The newly released hospital price lists have been kicking up a lot of commentary on Twitter, Facebook and LinkedIn. The lists, as we’ve been discussing, are being made public in compliance with a new Centers for Medicare and Medicaid Services rule that hospitals have to post all their list prices online as of Jan. 1. The lists basically are a reproduction of the hospitals’ lists of charged prices, called a Chargemaster.
Here’s a chain of comments from Tami Dew Rich, a former hospital administrator. She said when she started work as “Director of Budget and Reimbursement” in 1985, she was told “The charge master pricing structure is completely meaningless & not based on any rhyme, reason or reality.”
The charges, at this Massachusetts hospital, she explained, came form the concept of a base year (1980( with Maximum Allowable Costs and inflation going forward. “We knew in ’79 it was coming so we front-loaded the base w/MASSIVE SPENDING.”
She added that they kept one set of books for the board, the accountants, and third-party auditors, set to have a bottom line that breaks even. The second, “FYEO,” For Your Eyes Only, made money.
This does not completely surprise anyone, you must understand. People in the hospital industry know this is true to some degree at many hospitals — the surprising thing is that someone’s talking about it out loud.
A friend of mine who used to be a hospital administrator told me once that they added to the Chargemaster as they saw fit.

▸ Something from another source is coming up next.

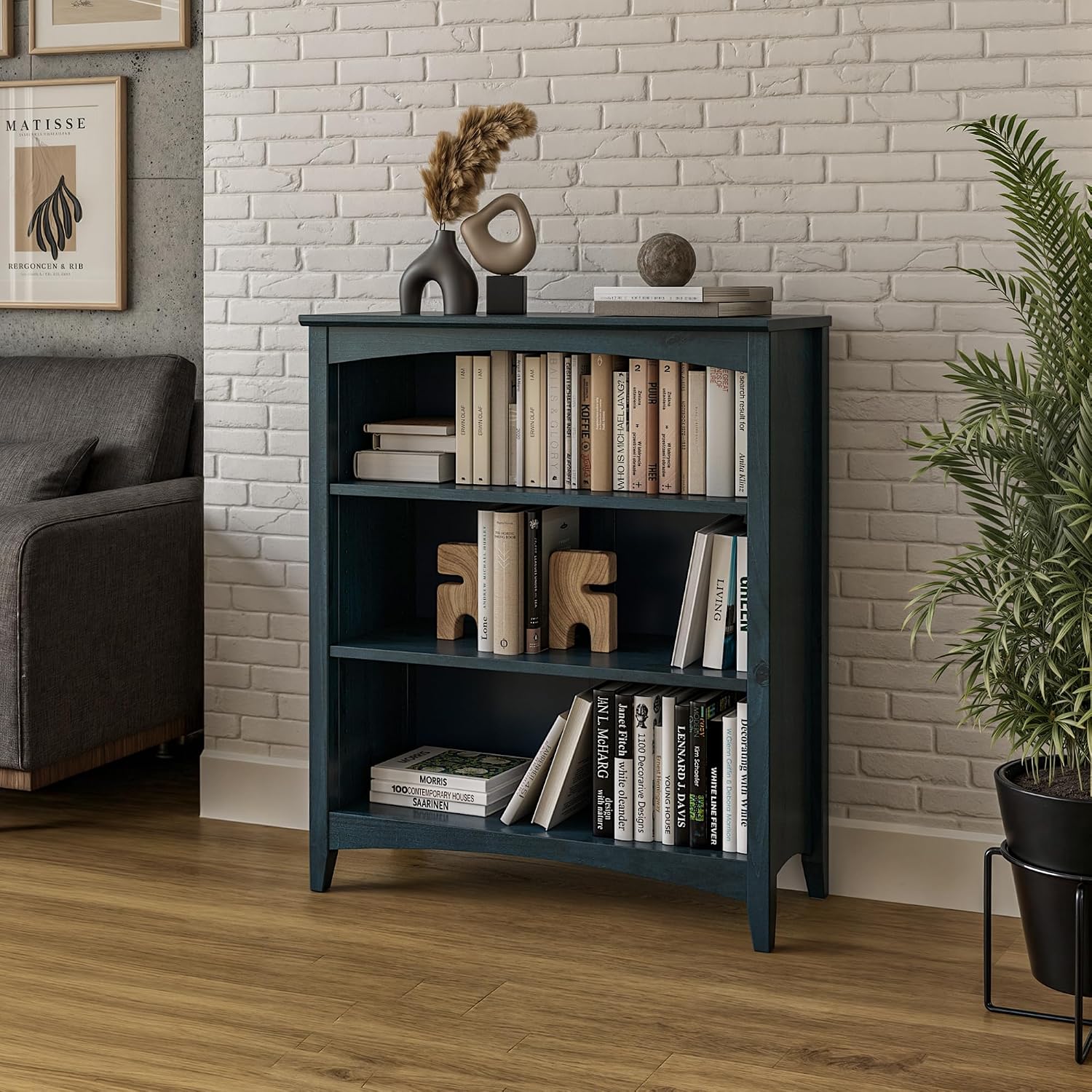 Shaker Style 3 Shelf Bookcase / Solid Wood / 36" High / Adjustable Shelving / Closed Back / Display Bookshelf for Living Room, Bedroom, Home and Office, White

Another friend, joking about the Chargemaster, said, “Bob in accounting made that in the Seventies, and we just add a few percentage points every year.”

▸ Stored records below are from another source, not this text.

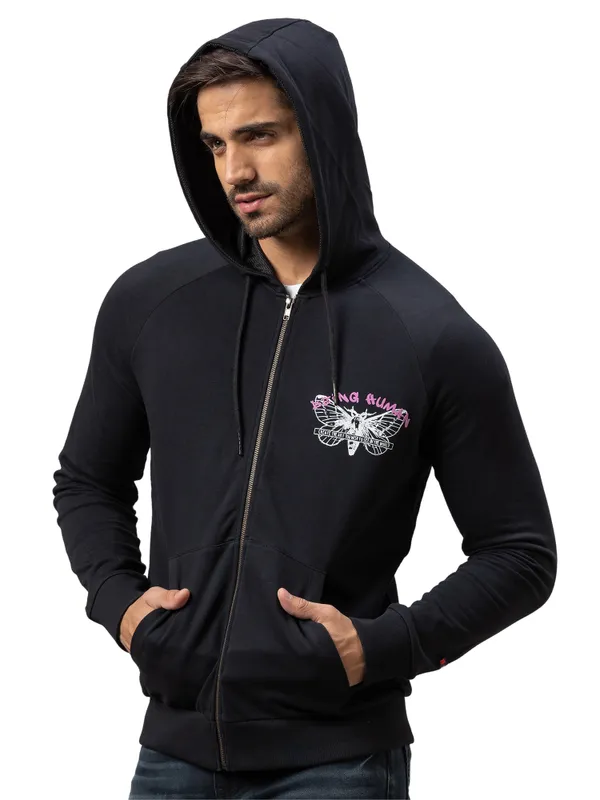 Being Human Regular Fit Men Hooded Hoody-Black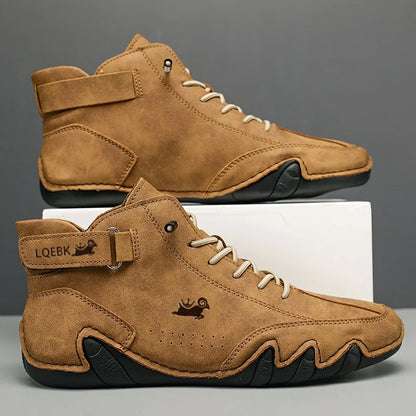 High-Top Luxury Leather Sneakers - Comfortable Casual Shoes for Men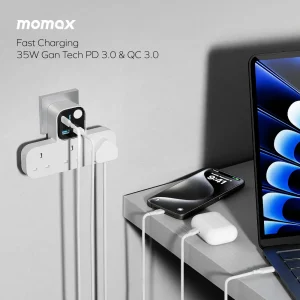 Gadgetoo Momax 1-Charge Work Flow T-Shaped Extension Cord With 3 Sockets, 2 Usb-A, And 2 Usb-C Ports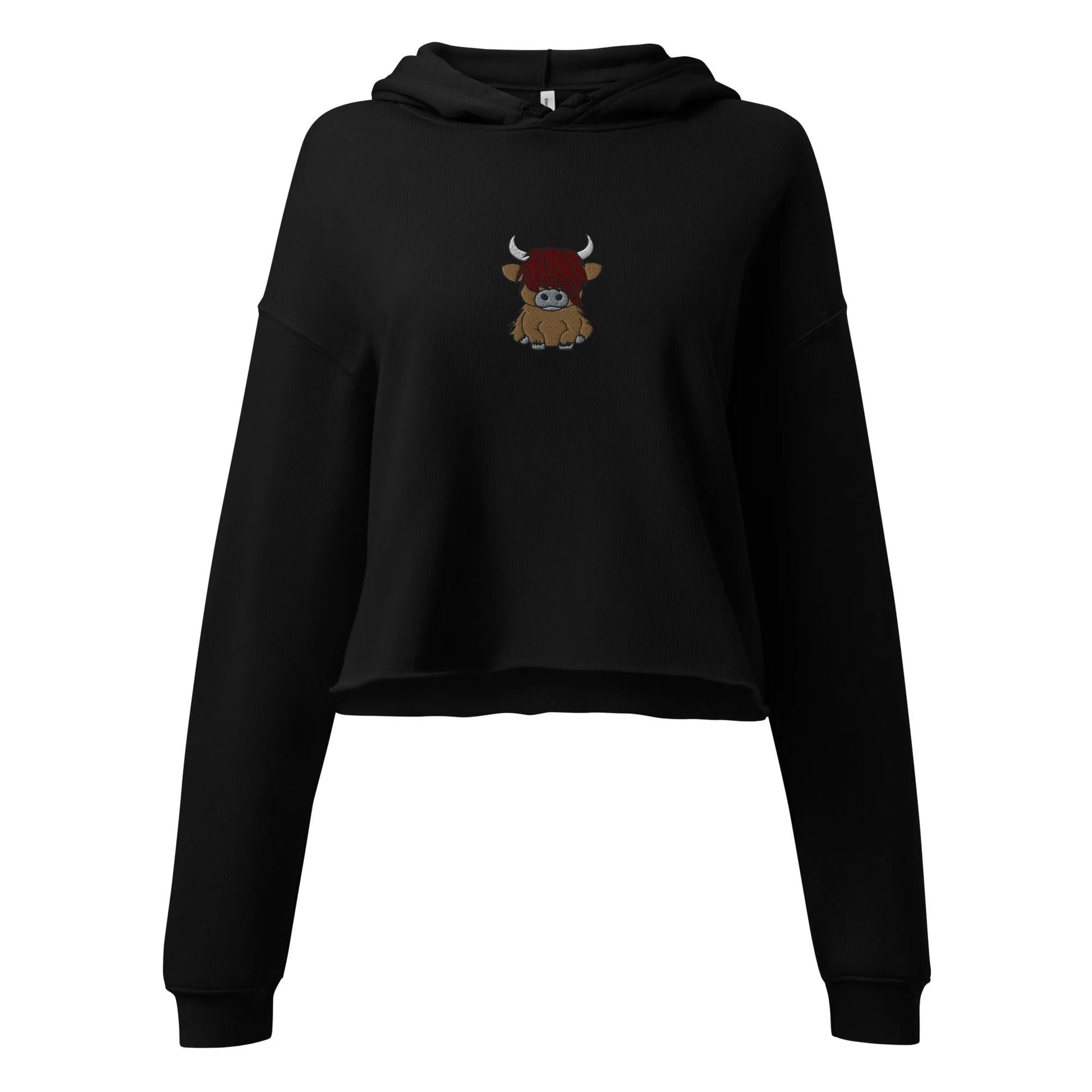 Scottish Highland Cow Embroidered Cropped Hoodie - The Global Wanderer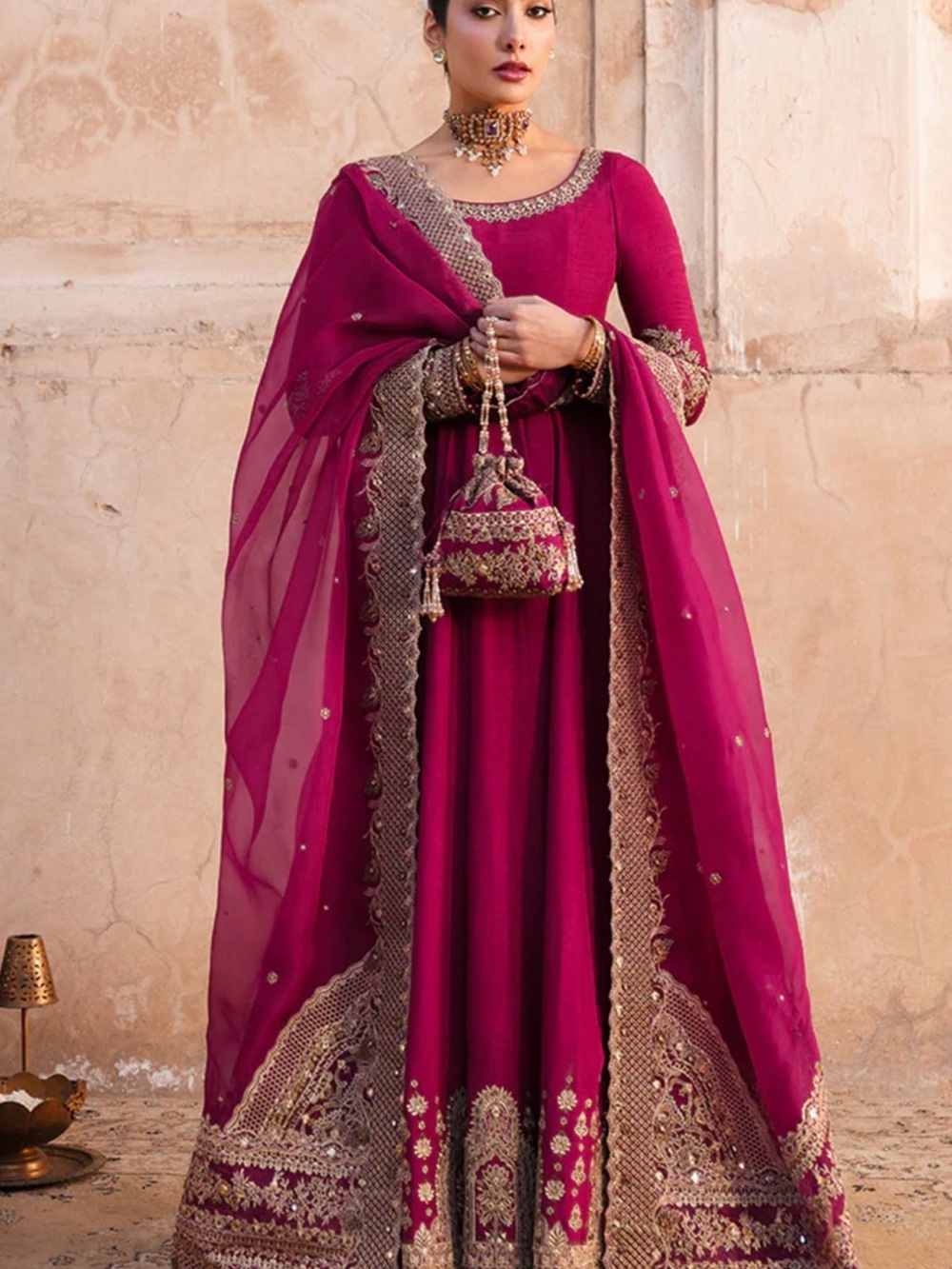 Faiza Saqlain Maxi Dress with Potli Bag Pakistani Dress - Picture 2 of 6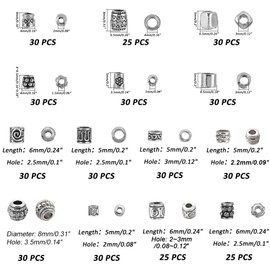 PH PandaHall - 405 abalorio redondas de metal 14 estilos tibetanos de plata envejecida, abalorio espaciadoras de columna, abalorio de barril, abalorio de aleación, abalorio sueltas para pulseras, collares, arete, joyería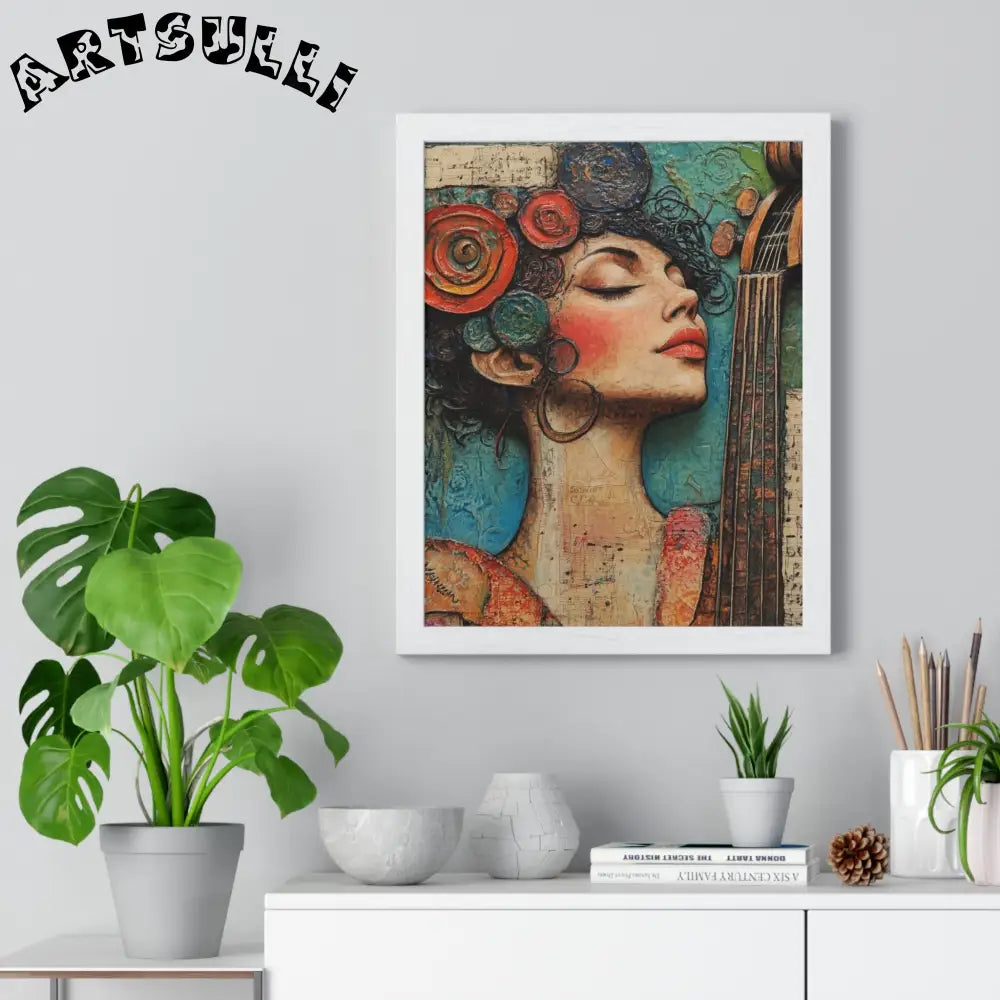 Woman and Cello Framed Art Print, Artsulli - Art is Long, Life is Short, Poster, , , , , , ,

The charged prices, of course, serve several functions in the marketplace:
- Many insurers negotiate contracts as a discount off charged prices (60 percent discount is not as good as 65 percent when the insurer is selling insurance to an employer)

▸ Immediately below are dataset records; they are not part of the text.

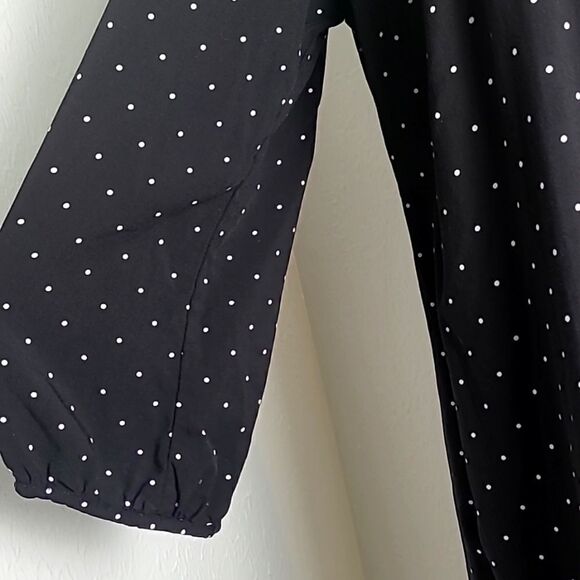 Old Navy Black & White Polka-dot Dress, Exposed Zipper Accent in Back, Sz Large - Picture 4 of 7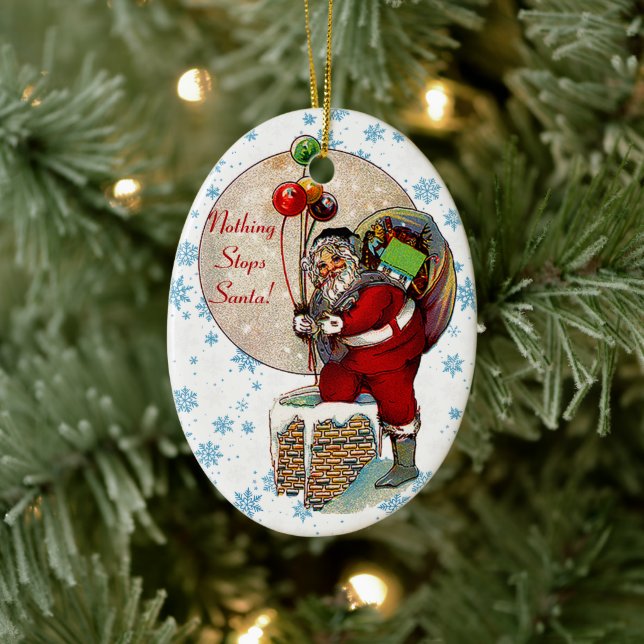 Der Weihnachtsmann und der schmale Schornstein Keramik Ornament (Baum)
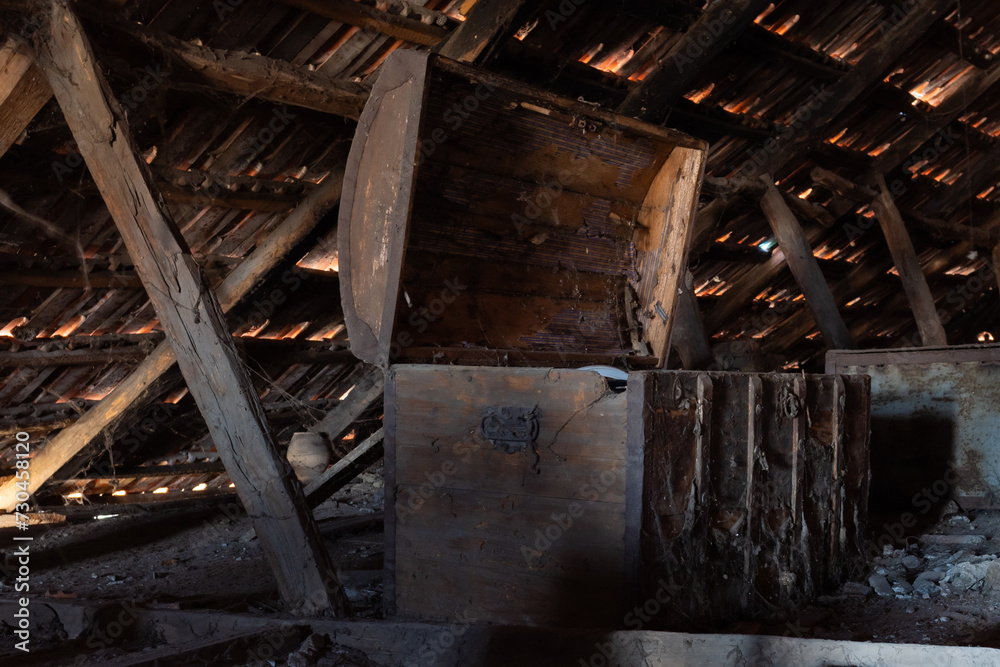 Old treasure chest in the attic Old treasure chest in the attic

- The inflated charge prices have a way of making the hospitals’ work look really substantial and expensive
- In some health care transactions, the difference between the charged price (say, $5,000) and the paid price (say, $500) can be used to represent losses, even if the losses are off a fictitious charged price
Hospitals and insurers stubbornly cling to them because that’s how they have done business for years, and they don’t wish to see change.
Niall Brennan, formerly of the Center for Medicare and Medicaid Services and now at the insurance industry’s Health Care Cost Institute, was similarly scornful in this thread on Twitter.
“I’m pretty unimpressed with this latest initiative and think we continue to keep asking ourselves why we continue to roll our terribly flawed ‘transparency’ initiatives that do little or nothing to help patients navigate the system in a more informed manner,” he tweeted. “Data is non-standardized and practically unfindable on many hospital sites – I’ve no doubt tech firms could take a run at this but why? Comparison tools of hospital charges were built 5 years ago and no-one used them because the data isn’t meaningful for patients.”
Meanwhile Grace Cordovano, a patient advocate, posted on LinkedIn the set of numbers with prices attached at right, calling it “an insult to patients & basically all of humanity.”
For her part, the head of CMS, Seema Verma, tweeted that “#PriceTransparency in #Healthcare is a major priority for #POTUS and his administration, and in 2 short years we’ve already accomplished a lot.” She cited legislation to end gag clauses in contracts, which has had zero effect, and a proposal to require drug companies to disclose list prices of drugs in ads.
It’s hard to believe that this can be represented as progress on transparency, but there you have it.